Solo el olor a gasolina me ofende más que la manía de calificar ciertos ingredientes como humildes. A veces, esta plaga afecta a carnes y pescados. Caballa, panceta, arenques, mejillones y salchichas de pollo han cargado con este sambenito y han sido etiquetados como modestos sea cual fuere el grado de calidad que ostentasen: el más fino y delicado de los mejillones siempre ha sido y siempre será tildado humilde, por lustrosas que tenga las barbas. Ahora bien, en cuanto a humildad se refiere, desde que el bacalao colgase los hábitos y renegase del voto de pobreza, los vegetales son quienes se han alzado como reyes de la virtud del comedimiento. Cuatro humildes patatas, un puñado de humildes lentejas, una modesta cebolla. Todos esos ingredientes tienen en común ser baratos. ¿Con eso basta para asignarles la virtud de la humildad?, ¿puede una cebolla ser virtuosa?
Al decir que una cebolla es humilde defendemos que una cebolla puede tener no solo consciencia de sí misma (paso previo necesario para pronunciarse sobre los asuntos del bien y del mal), sino de sus límites. Deducimos, además, que puede tomar, y toma, la decisión libre de llevar una vida de recato y contención, sin alardes ni muestras de heroísmo, y sin inquietudes demasiado apasionadas. Una cebolla humilde carece de nobleza, y no solo sabe que es una cebolla, sino que decide andar el camino de la sumisión y el abatimiento. Sabe ser discreta. Eso significa ser humilde.
Y me pregunto qué opina la cebolla al respecto, si acaso nadie se ha parado nunca a contemplar un campo de cebollas en plena floración y si es posible no ver en cada inflorescencia enarbolada por cada bulbo un estallido pirotécnico, un cetro enjoyado, un bastón real que, como un puño alzado al cielo, proclama cuál es el lugar de la cebolla en el mundo.
Prima de lirios, tulipanes y narcisos —nada menos—, está en la historia de nuestra alimentación desde el día uno. Es la más consumida y cultivada del mundo, y la que se menciona más veces en las tablillas de arcilla babilónicas que guardan, en deliciosa escritura cuneiforme, la receta de cocina más antigua de todas, fechada hace más de 4.000 años.
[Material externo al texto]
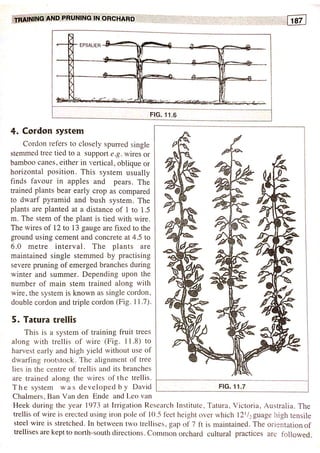 Training and pruning | PDF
Ella, y nadie más que ella, fue elegida para llenar las cuencas de los ojos del faraón Ramsés IV en su viaje hacia la otra vida. Era la única capaz, así lo creían los egipcios, de reavivar el aliento de los muertos y, a la vez, guardar, con su forma esférica y sus anillos concéntricos, los secretos de la inmortalidad.
Es nutritiva, fácil de cultivar, buena para almacenar, sencilla de transportar, y viene equipada de serie con un envase biodegradable que, además, sirve, tostado y caramelizado, para realzar, vigorizar y perfumar salsas y caldos. Habiendo sido el alimento elegido por Alejandro Magno para infundir valor y coraje a sus tropas, la cebolla cegaría y hundiría en un mar de lágrimas ejércitos enteros si decidiese activar su arsenal químico. Tal es su poder. Poder que no duda en desatar todas y cada una de las veces que una le hace frente con un cuchillo.
No me queda más remedio que meter a Nietzsche en esto. Lo hago porque debo. Esto no habría pasado si nadie hubiese decidido asignar cualidades morales a los ingredientes. El alemán Friedrich Wilhelm Nietzsche, uno de los filósofos más grandes e influyentes del siglo XX, distingue dos sistemas morales: el de los señores, los fuertes; y el de los esclavos, los débiles.
La moral de los señores lo es de la plenitud, el esplendor y la fuerza. La de los esclavos, de la utilidad. En el marco del siervo, lo bueno es lo que favorece la supervivencia del débil en condiciones de inferioridad. En cada uno de estos dos sistemas, las mismas palabras tienen significados distintos. Cuando el señor o el poderoso dice de algo que es “bueno”, esto significa noble, aristocrático, valiente, magnánimo, orgulloso, fuerte, alegre y risueño. Cuando es el esclavo quien define el “bien”, se refiere a aquellas cualidades que podrían aliviar su condición de afligido: la compasión, la humildad, la paciencia, la caridad y la fraternidad.
No soy capaz de imaginar a la cebolla si no es andando por la calle erguida, altiva y soberbia; vestida de lila, con un brillo burleta en la mirada y La Genealogía de la Moral de Nietzsche debajo del brazo, riéndose en voz alta de ese mal vicio de los hombres de atribuir valor moral al hecho de tenerse por poca cosa, esconderse y someterse. Cebolla, tú barata, sí, pero reina, y orgullosa.